Start of Source material

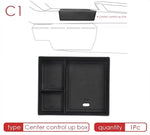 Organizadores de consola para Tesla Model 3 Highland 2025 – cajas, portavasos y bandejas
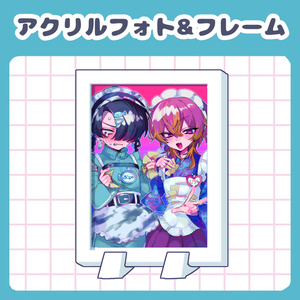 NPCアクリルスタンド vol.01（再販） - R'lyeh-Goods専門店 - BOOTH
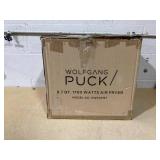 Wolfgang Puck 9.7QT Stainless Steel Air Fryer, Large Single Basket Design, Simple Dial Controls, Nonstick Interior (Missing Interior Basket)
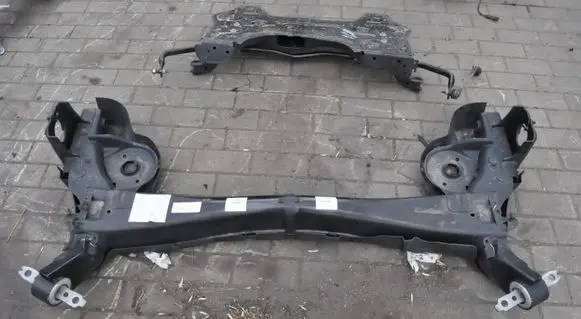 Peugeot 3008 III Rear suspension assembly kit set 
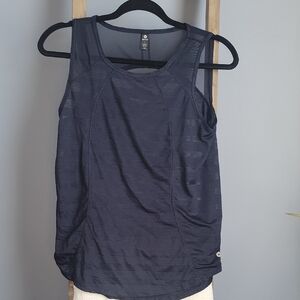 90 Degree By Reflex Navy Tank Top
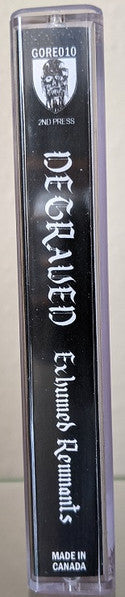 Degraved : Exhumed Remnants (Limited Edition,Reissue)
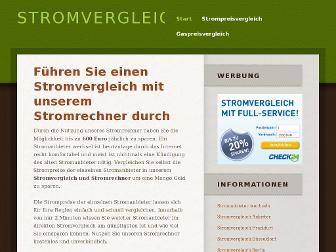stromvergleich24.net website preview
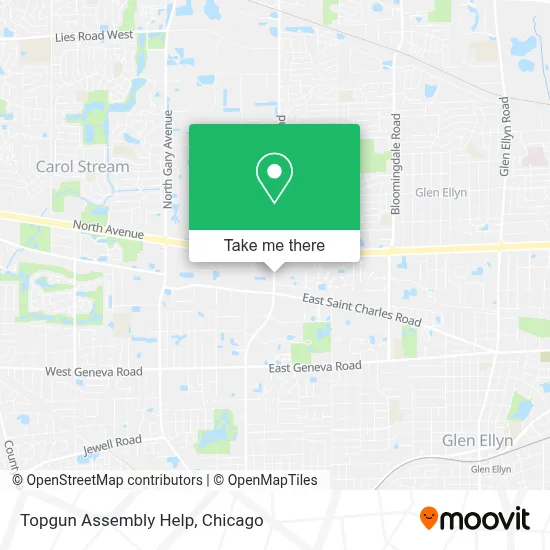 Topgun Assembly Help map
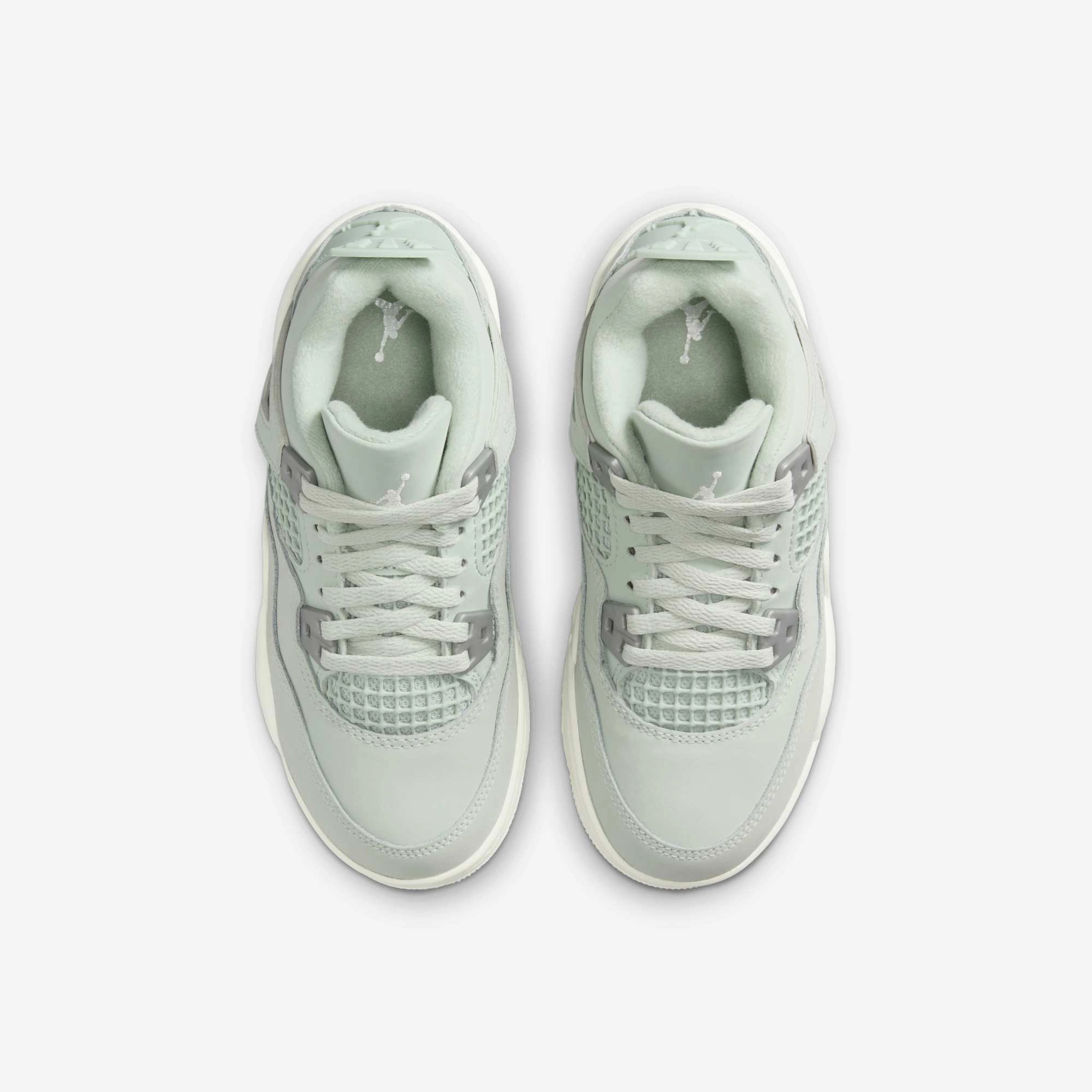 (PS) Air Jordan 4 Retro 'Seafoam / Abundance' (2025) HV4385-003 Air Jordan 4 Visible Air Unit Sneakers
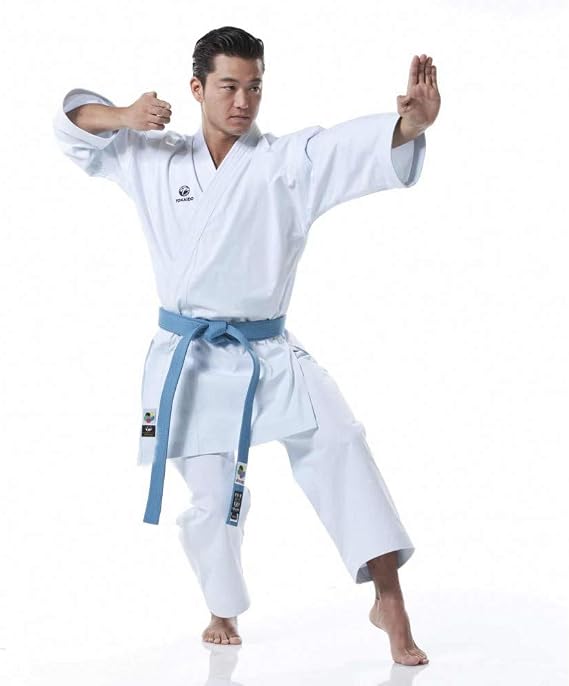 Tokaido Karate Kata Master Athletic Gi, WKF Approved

End of Source material

◆ Exercise prompt:
Pictures stay out. Print the data exactly, from its first line through the line containing "NPCアクリルスタンド vol.01（再販） - R'lyeh-Goods専門店".

◆ Answer space:
 Organizadores de consola para Tesla Model 3 Highland 2025 – cajas, portavasos y bandejas
 NPCアクリルスタンド vol.01（再販） - R'lyeh-Goods専門店 - BOOTH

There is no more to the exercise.